Tech Giants Compete in Pursuit of Music Streaming Audiences

Apple, Pandora and Amazon are among those ramping up efforts to differentiate their music services in order to win over subscribers and artists. Second to Spotify’s dominance is Apple Music, which has taken off after an initially bumpy start. Pandora is another major competitor, boasting 74.7 million active listeners of its free music stations, which operate much like traditional radio.
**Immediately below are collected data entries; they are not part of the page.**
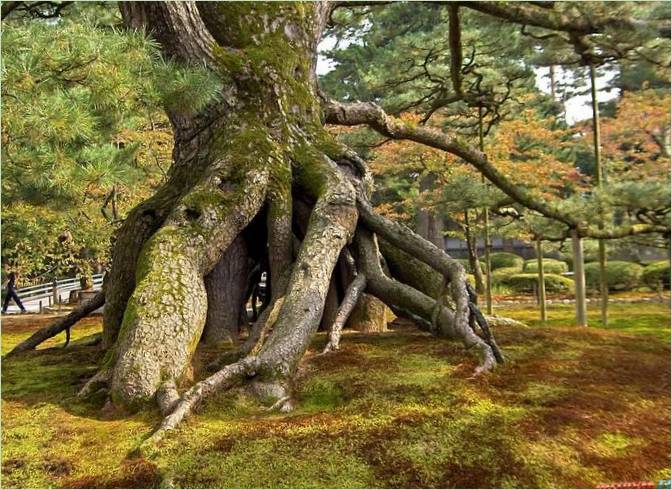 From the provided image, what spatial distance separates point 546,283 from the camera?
14945 millimetres

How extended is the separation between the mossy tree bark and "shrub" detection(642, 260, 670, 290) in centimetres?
1146

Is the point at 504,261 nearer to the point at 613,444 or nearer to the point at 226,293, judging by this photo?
the point at 226,293

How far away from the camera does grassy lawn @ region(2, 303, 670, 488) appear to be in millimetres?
2199

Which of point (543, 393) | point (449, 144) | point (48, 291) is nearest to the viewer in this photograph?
point (543, 393)

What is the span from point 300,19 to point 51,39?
3.10 m

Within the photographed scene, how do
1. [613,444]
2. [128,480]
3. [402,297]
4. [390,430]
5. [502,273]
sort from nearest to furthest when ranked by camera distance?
[128,480]
[613,444]
[390,430]
[402,297]
[502,273]

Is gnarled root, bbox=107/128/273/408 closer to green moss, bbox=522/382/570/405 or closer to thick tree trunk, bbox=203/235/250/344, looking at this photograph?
thick tree trunk, bbox=203/235/250/344

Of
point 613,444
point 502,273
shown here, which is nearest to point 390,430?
point 613,444

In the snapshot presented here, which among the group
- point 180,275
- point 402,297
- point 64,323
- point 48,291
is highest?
point 180,275

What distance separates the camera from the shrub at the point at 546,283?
14688 mm

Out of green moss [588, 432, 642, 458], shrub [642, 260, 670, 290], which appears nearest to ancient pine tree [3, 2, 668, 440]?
green moss [588, 432, 642, 458]

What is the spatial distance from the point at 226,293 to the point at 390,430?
2869 mm

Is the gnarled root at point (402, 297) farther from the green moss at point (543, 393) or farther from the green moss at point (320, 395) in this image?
the green moss at point (320, 395)

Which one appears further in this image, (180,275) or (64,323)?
(64,323) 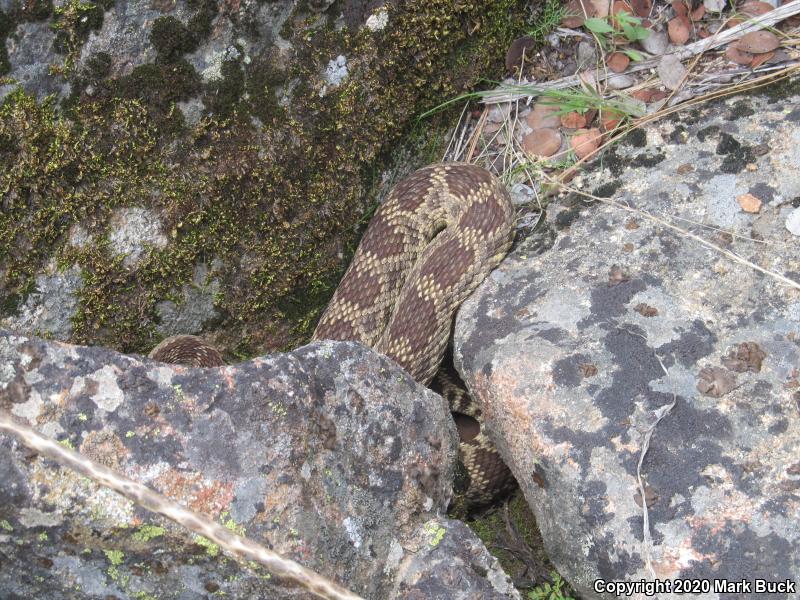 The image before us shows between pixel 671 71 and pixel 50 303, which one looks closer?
pixel 50 303

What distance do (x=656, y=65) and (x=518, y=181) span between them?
90 cm

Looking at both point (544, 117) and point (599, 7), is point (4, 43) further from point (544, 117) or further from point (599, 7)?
point (599, 7)

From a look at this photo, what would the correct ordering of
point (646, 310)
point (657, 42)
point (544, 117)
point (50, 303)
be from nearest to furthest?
point (646, 310) → point (50, 303) → point (657, 42) → point (544, 117)

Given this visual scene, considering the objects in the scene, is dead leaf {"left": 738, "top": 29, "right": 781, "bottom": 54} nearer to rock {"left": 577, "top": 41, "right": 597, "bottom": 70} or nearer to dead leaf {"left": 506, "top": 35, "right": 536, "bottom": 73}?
rock {"left": 577, "top": 41, "right": 597, "bottom": 70}

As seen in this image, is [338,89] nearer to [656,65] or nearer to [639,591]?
[656,65]

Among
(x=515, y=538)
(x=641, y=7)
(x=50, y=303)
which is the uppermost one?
(x=50, y=303)

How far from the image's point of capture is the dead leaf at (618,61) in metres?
4.02

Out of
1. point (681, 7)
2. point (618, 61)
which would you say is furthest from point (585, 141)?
point (681, 7)

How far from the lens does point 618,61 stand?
4031 mm

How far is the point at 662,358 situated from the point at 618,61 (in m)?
1.79

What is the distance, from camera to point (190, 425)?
2.42 meters

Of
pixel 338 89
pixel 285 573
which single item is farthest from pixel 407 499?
pixel 338 89

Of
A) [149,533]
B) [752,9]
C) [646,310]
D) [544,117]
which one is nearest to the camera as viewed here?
[149,533]

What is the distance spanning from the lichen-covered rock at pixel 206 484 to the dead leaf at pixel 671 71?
7.69 ft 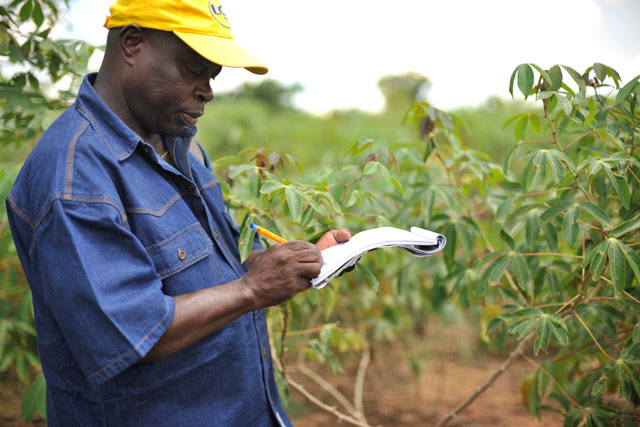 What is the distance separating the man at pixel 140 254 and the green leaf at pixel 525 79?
0.79 m

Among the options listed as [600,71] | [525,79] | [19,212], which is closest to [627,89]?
[600,71]

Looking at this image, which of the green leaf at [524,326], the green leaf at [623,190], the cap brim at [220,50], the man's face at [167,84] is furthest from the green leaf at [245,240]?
the green leaf at [623,190]

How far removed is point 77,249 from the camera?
956mm

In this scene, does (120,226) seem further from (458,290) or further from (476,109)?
(476,109)

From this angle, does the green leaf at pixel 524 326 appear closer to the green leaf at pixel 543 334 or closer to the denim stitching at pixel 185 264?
the green leaf at pixel 543 334

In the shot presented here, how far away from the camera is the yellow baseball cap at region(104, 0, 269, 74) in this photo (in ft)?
3.71

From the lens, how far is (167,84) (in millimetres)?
1187

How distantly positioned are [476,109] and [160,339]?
666cm

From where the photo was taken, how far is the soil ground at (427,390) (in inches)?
111

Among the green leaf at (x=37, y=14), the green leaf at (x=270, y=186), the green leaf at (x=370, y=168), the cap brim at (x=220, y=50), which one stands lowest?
the green leaf at (x=270, y=186)

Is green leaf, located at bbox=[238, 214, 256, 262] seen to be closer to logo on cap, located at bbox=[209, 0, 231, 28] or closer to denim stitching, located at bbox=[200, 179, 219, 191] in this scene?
denim stitching, located at bbox=[200, 179, 219, 191]

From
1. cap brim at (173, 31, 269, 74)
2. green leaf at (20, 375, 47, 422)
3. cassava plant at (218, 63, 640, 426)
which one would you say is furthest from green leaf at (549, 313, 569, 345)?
green leaf at (20, 375, 47, 422)

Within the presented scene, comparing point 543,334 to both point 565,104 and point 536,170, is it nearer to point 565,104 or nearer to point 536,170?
point 536,170

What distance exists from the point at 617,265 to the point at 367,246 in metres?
0.73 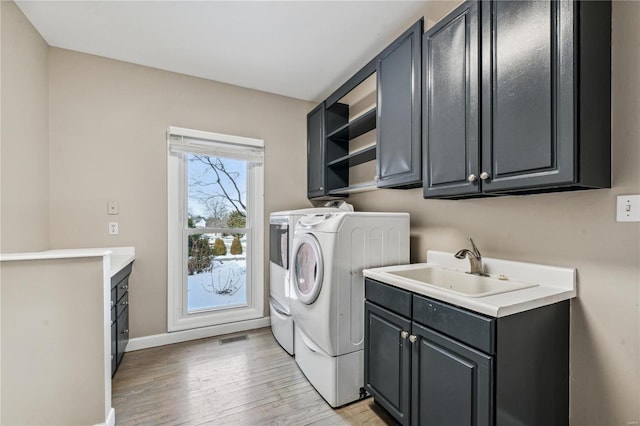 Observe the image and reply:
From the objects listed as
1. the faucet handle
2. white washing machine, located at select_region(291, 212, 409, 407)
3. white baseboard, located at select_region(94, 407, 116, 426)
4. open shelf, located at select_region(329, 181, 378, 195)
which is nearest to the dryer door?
white washing machine, located at select_region(291, 212, 409, 407)

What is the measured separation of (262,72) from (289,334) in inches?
101

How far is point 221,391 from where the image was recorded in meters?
2.04

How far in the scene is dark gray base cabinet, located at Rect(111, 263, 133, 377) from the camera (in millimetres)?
2043

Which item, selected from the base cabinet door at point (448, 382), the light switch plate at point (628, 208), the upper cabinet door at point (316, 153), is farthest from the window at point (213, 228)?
the light switch plate at point (628, 208)

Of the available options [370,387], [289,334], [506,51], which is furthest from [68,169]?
[506,51]

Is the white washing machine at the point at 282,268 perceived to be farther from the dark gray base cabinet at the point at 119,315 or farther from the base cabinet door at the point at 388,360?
the dark gray base cabinet at the point at 119,315

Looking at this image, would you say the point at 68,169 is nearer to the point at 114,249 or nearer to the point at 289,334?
the point at 114,249

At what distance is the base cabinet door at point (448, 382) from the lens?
44.5 inches

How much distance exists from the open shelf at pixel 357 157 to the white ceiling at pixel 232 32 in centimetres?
85

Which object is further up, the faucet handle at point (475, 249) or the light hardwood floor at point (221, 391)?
the faucet handle at point (475, 249)

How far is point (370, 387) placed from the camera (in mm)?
1803

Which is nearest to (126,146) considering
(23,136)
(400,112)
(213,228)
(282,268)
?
(23,136)

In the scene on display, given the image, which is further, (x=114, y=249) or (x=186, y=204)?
(x=186, y=204)

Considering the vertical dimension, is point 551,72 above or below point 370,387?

SoundCloud reports that it reaches 175 million monthly listeners in more than 190 countries, and Google plans to combine its Google Play Music “All Access” on-demand streaming service with YouTube Red.

“Apple Music has benefited from its integration with Apple devices, from iPhones and MacBooks to Apple Watches and HomePod voice-activated speakers, which sync easily with Apple Music but less so with Spotify or other services,” reports The Wall Street Journal.


Pandora “and its stock have struggled recently as users and ad dollars have migrated to services that allow listeners to play individual songs on demand,” notes WSJ. To try to address that, Pandora now has 5.5 million subscribers to its Pandora Premium service, which relies on the company’s in-house tech (the Music Genome Project) to combine human and machine in an effort to analyze user data and recommend specific songs tailored to their interests and tastes.

While SoundCloud is mostly known to be a free website for artists and DJs to share music, “It maintains a devout fan base” and “also licenses music from major and independent labels to compete with Spotify and others,” according to WSJ.

Back in 2016, the company launched SoundCloud Go+, which provides access to “150 million tracks, mostly mixes, mashups and other musical creations, in addition to a catalog of roughly 30 million songs that is also offered on other services like Spotify and Apple Music.” The service is $9.99 per month and offers offline listening with no ads.

Perhaps unexpectantly, YouTube users account for “twice as much time spent listening to on-demand music as all paid audio-streaming services combined,” according to the article. While that’s true, it’s also true that artists don’t earn as much on YouTube as they do via subscription music streaming services. In an effort to cash in on the popularity of YouTube, Google will combine Google Play Music “All Access” with YouTube Red, its paid video-sharing service.

Amazon’s fairly new music streaming service was introduced in 2016 and can integrate with its Echo smart speakers. In fact, that’s how the majority of Amazon Music customers access the streaming service, by dictating voice commands via Amazon smart speakers.

“Since getting into the music-streaming business, Amazon, which doesn’t release subscriber numbers, has tried to cater to a more mainstream audience than its competitors. Amazon has been pouring resources into Alexa, as competition heats up among artificial-intelligence assistants from Google and Apple, according to people familiar with the company’s thinking,” reports WSJ.